Whatever the ultimate truth may be, Jewish history remains incomplete without including the full breadth of interpretive discussion and discord that arose out of First Century Israel. Even if we were to deny every word, indeed every possible interpretation of those words in its pages, we cannot ignore it. If we cannot ignore it then we need to understand the various perspectives apart from any faith-based decisions regarding the message.

We need to re-frame the contours of our definitions.

Through two millennia of nearly constant pain, pogroms and holocausts, the easy road has been to employ shortcuts and quick classifications. The “New Testament” to many is simply a piece of heretical trash that our enemies used against us to try to destroy us.  Everyone knows the Crusaders slaughtering Jews in Jerusalem while quoting from their New Testament Bibles. We know Hitler used polemical phrases like “synagogue of Satan” .  Such uses have been hateful and worthy of reproach on all levels, but ultimately they are religious misapplications.

There is no doubt whatsoever that, regardless as to the endless speculations on the matter, ultimately our only “Moshiach,” our only “Savior” is Almighty Elohim. He is One and He is exclusive. The debate should never have degenerated away from this fact. We need to affirm that the real debate is not THAT Elohim saves but HOW He saves. What is the mechanism or agency? What is the timing? Most importantly, what does “salvation” itself really mean?  Salvation from what?  From Greco-Roman Hades (Hell)?  From the Romans?  From ourselves?

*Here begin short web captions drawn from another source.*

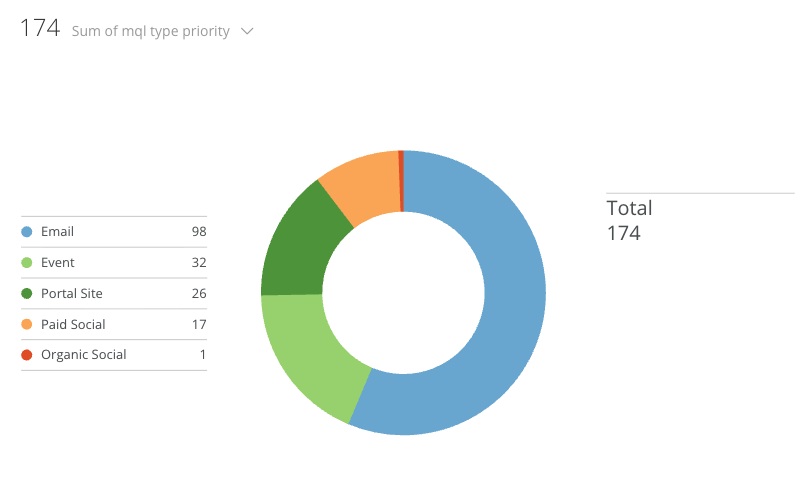Donut chart displaying MQL totals by source: Email, Event, Portal Site, Paid Social, and Organic Social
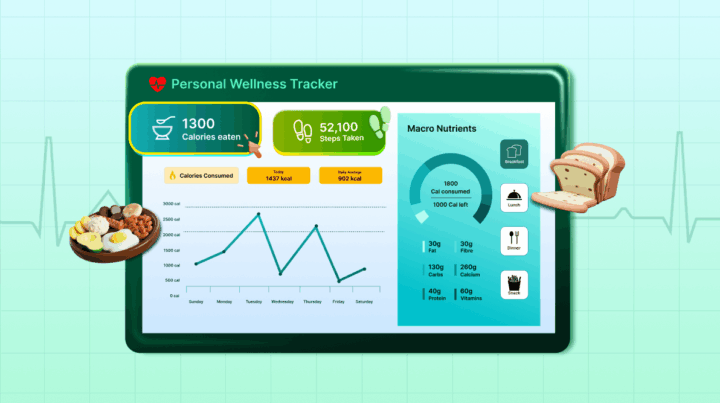 Build a WPF Health Tracker Dashboard: Visualize Calories and Steps with ...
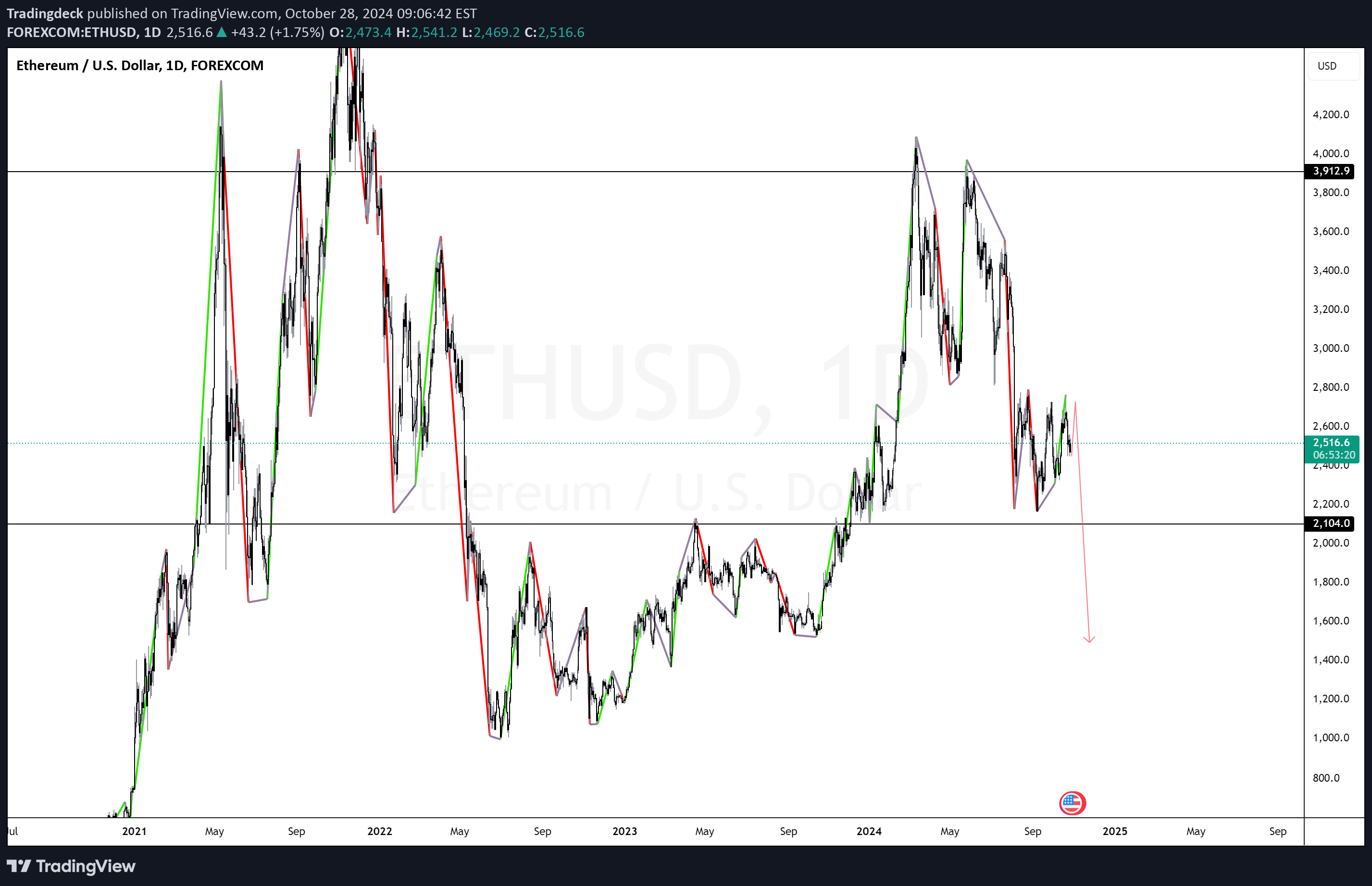 فروشETH،تکنیکال،Tradingdeck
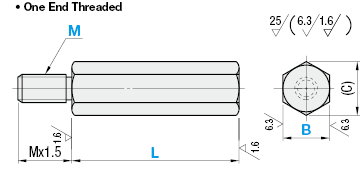 Publicaciones hexadecimales: un extremo roscado: imagen relacionada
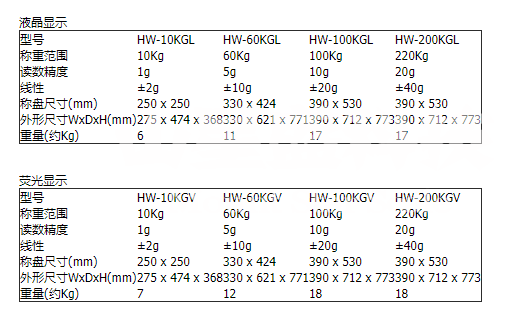 1590906360315328.png image.png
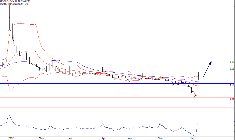 L'analyse technique de l'action Visiomed Group. (© Trading Central)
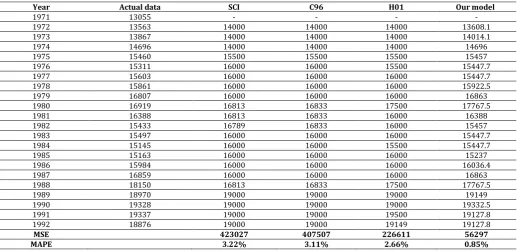 Table 7: A comparison of the forecasted results of the proposed model with the existing models with first-order of the fuzzy time series under different number of intervals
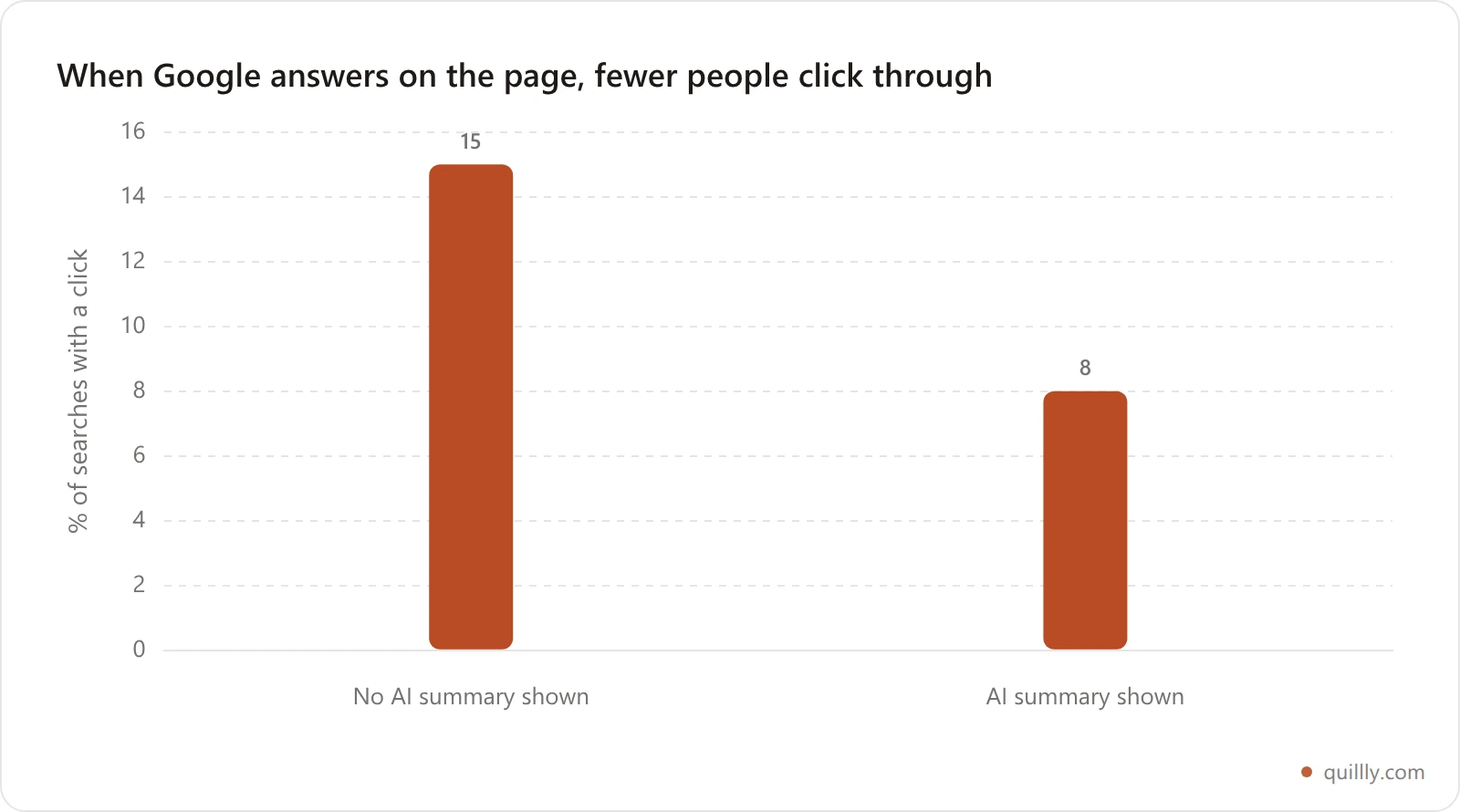 Bar chart comparing organic click rate: about 15 percent of searches lead to a click when no AI summary appears, versus about 8 percent when an AI summary is present, based on Pew Research data
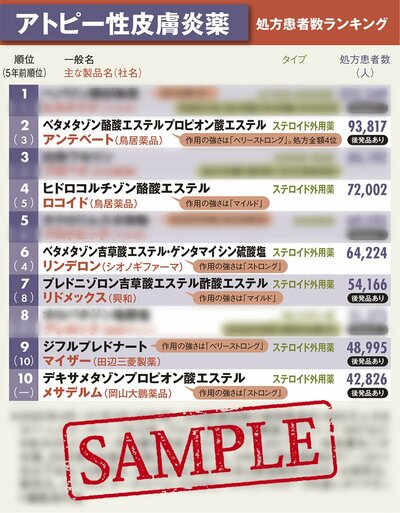 図表：アトピー性皮膚炎薬　処方患者数ランキング（SAMPLE）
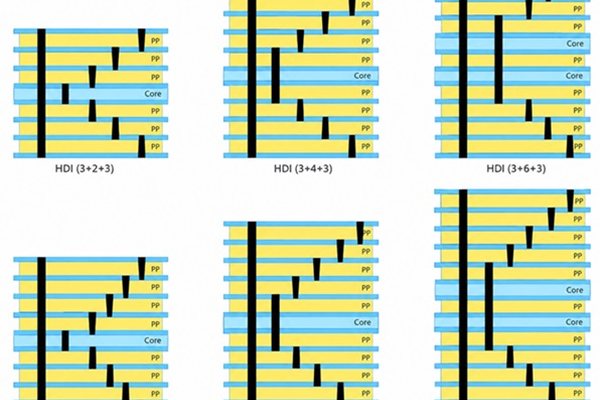 HDI vs standard PCB: where the line sits | FT PCB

Errors in the Greek New Testament

• Lepers could not own houses two miles from Jerusalem and throw dinner parties for other Jews to attend.  If a person with leprosy is cured they can no longer called a Leper which would be slander.
• Did leading Bible scholars not realize that at least half a dozen prophets from Tanakh were residents of the Galilee?
• These same Bible experts claim “we were never slaves” and deny the Exodus?
• Could eunuch from Ethiopia can legally enter and worship in the Temple?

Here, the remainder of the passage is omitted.